-- THE PROBLEM --
Please copy exactly the part of the records below that opens with the line containing "Where do you" and closes with the line containing "Hi Ellie, I", leaving out any pictures.

-- EXERCISE MATERIAL --

══════════════════════════════

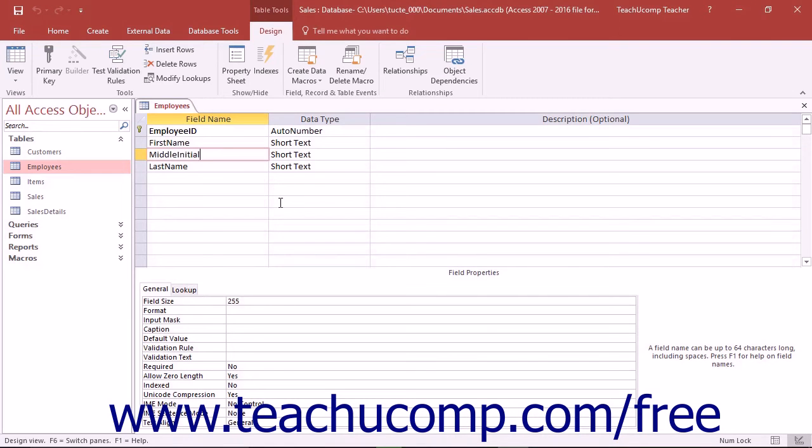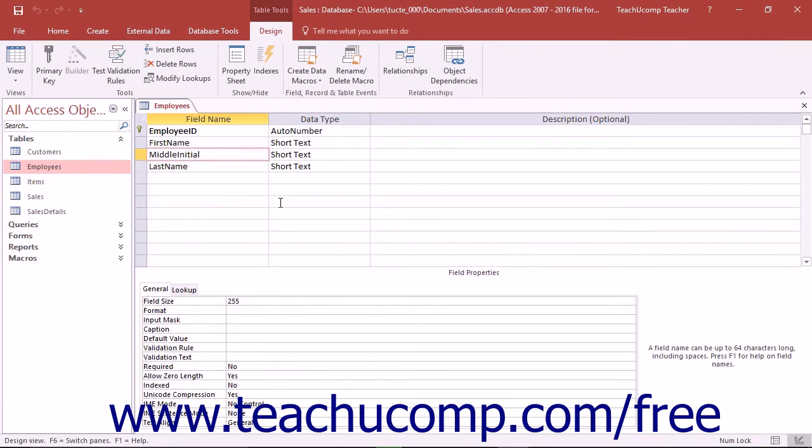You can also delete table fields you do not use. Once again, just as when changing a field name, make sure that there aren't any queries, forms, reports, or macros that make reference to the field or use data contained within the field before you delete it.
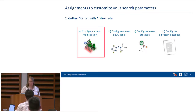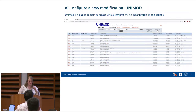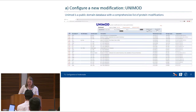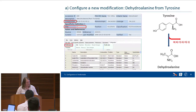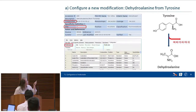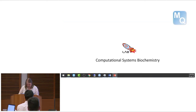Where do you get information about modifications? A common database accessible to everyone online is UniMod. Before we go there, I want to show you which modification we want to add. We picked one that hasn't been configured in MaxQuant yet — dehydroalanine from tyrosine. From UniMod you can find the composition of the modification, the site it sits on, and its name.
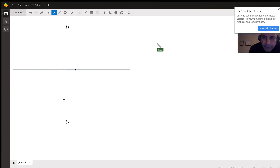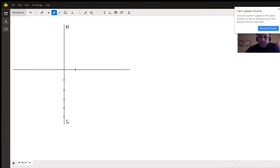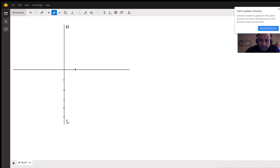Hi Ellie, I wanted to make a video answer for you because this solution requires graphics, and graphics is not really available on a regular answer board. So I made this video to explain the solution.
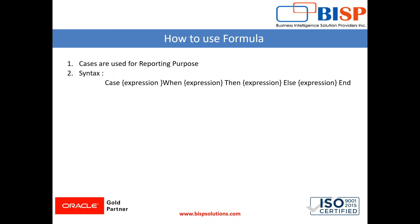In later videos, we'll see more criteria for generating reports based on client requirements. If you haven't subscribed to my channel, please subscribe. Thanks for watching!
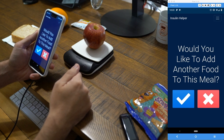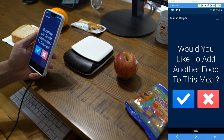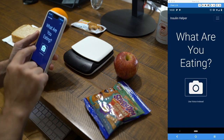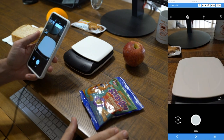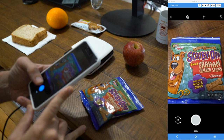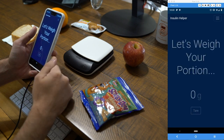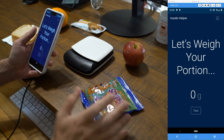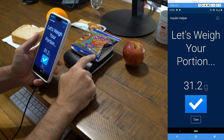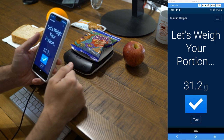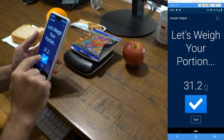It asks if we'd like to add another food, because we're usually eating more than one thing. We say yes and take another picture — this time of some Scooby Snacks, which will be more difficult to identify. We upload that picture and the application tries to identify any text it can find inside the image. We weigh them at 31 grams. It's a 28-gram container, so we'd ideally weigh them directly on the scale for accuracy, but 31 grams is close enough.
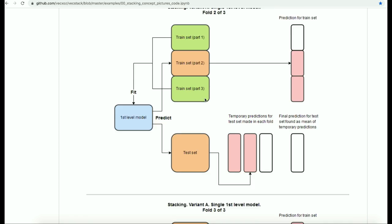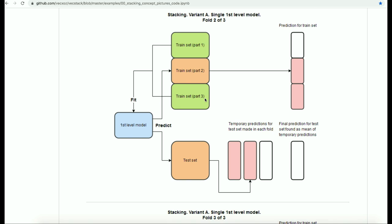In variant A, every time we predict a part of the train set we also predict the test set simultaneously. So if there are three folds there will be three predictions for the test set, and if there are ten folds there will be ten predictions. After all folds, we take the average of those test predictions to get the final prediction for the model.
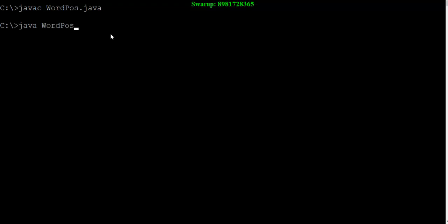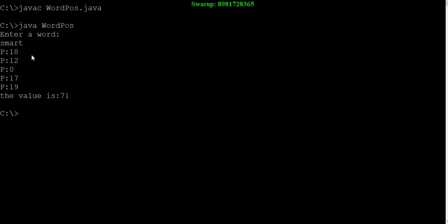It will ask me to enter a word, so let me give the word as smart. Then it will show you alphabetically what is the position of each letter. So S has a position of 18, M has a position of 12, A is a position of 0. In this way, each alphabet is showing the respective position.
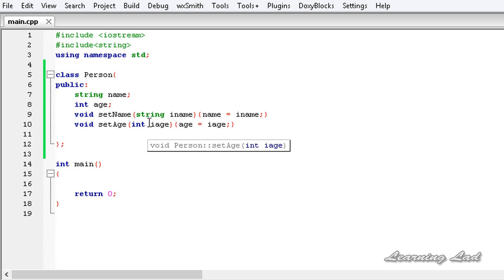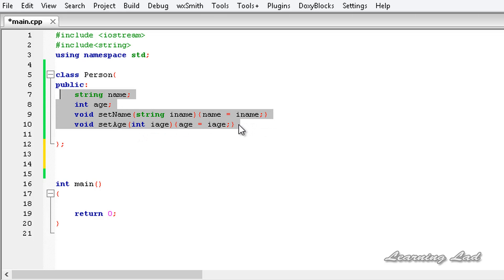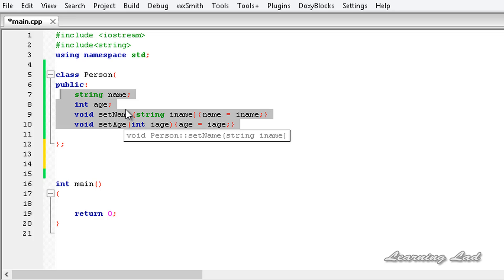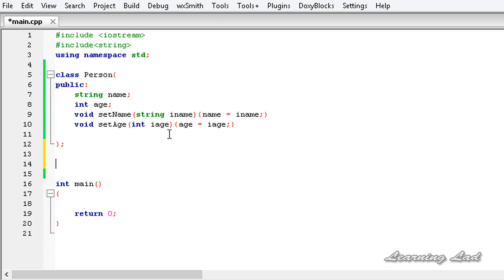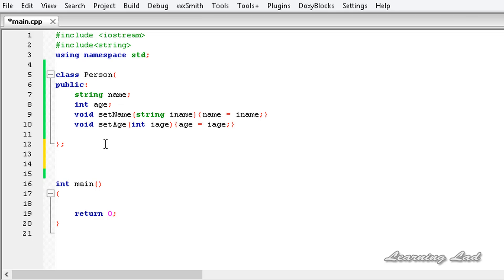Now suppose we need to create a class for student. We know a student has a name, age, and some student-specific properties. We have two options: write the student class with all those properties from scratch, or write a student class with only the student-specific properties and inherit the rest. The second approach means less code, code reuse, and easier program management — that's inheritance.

══════════════════════════════

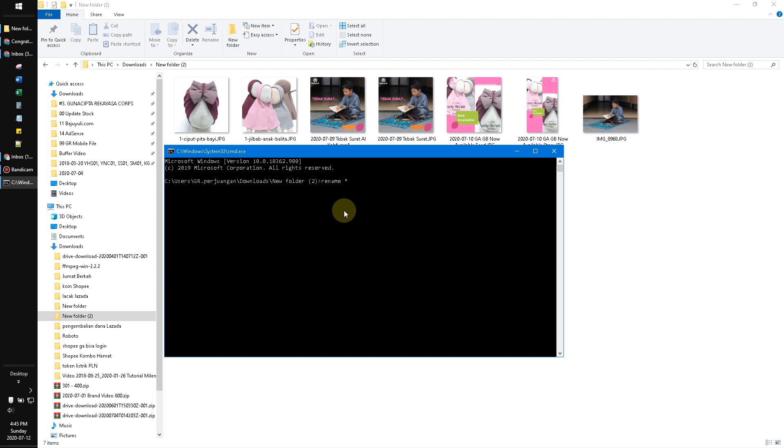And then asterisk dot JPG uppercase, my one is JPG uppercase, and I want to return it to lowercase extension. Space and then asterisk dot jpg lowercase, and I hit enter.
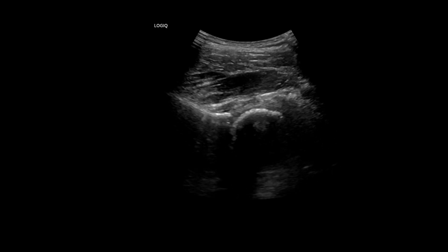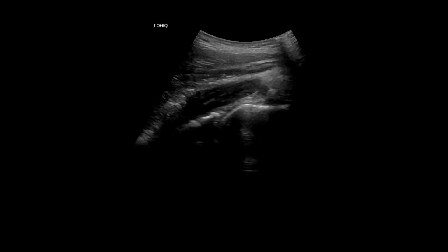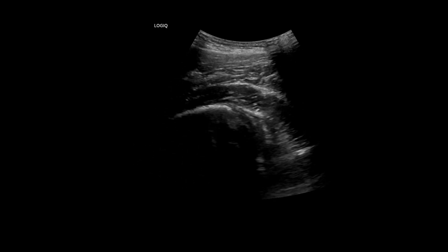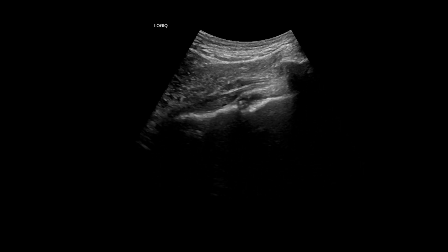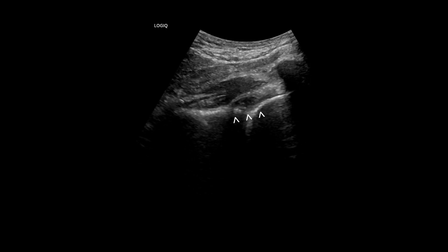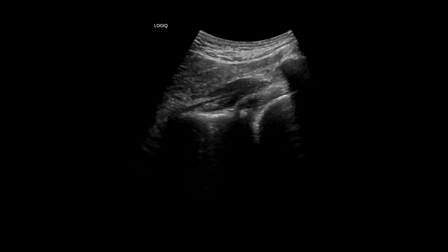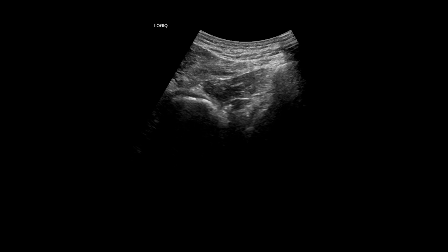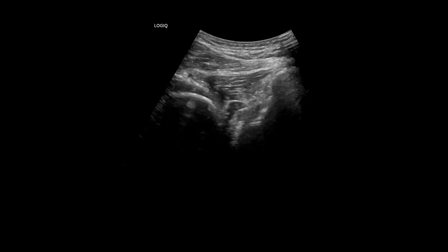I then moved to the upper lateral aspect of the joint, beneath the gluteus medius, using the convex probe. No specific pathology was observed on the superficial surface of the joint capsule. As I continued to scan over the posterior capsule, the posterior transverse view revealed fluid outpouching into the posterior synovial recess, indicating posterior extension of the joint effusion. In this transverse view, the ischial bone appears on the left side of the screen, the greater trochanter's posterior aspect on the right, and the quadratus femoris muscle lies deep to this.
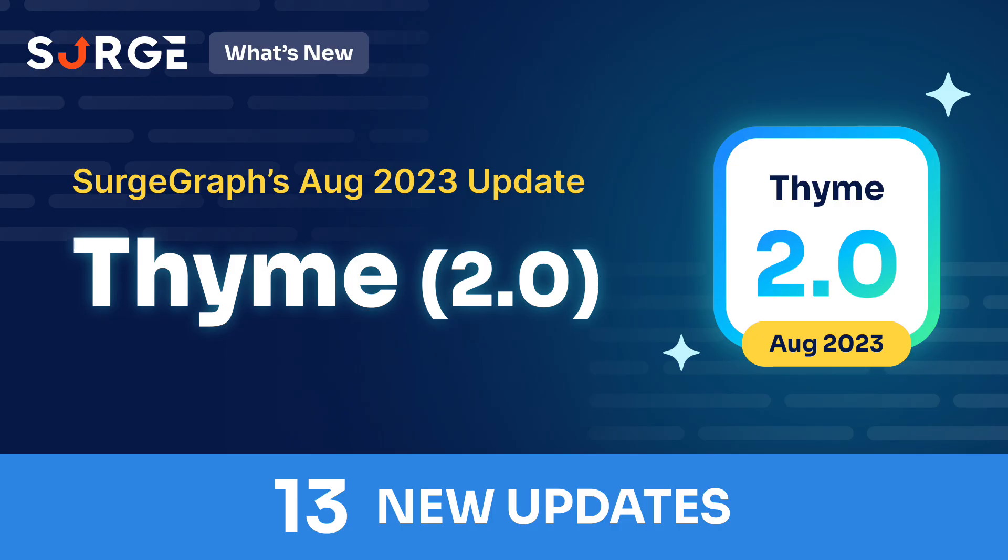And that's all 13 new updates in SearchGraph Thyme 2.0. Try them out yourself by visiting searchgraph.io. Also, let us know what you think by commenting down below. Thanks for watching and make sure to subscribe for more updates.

══════════════════════════════

-- SOLUTION --
Where do you get information about modifications? A common database accessible to everyone online is UniMod. Before we go there, I want to show you which modification we want to add. We picked one that hasn't been configured in MaxQuant yet — dehydroalanine from tyrosine. From UniMod you can find the composition of the modification, the site it sits on, and its name.
Hi Ellie, I wanted to make a video answer for you because this solution requires graphics, and graphics is not really available on a regular answer board. So I made this video to explain the solution.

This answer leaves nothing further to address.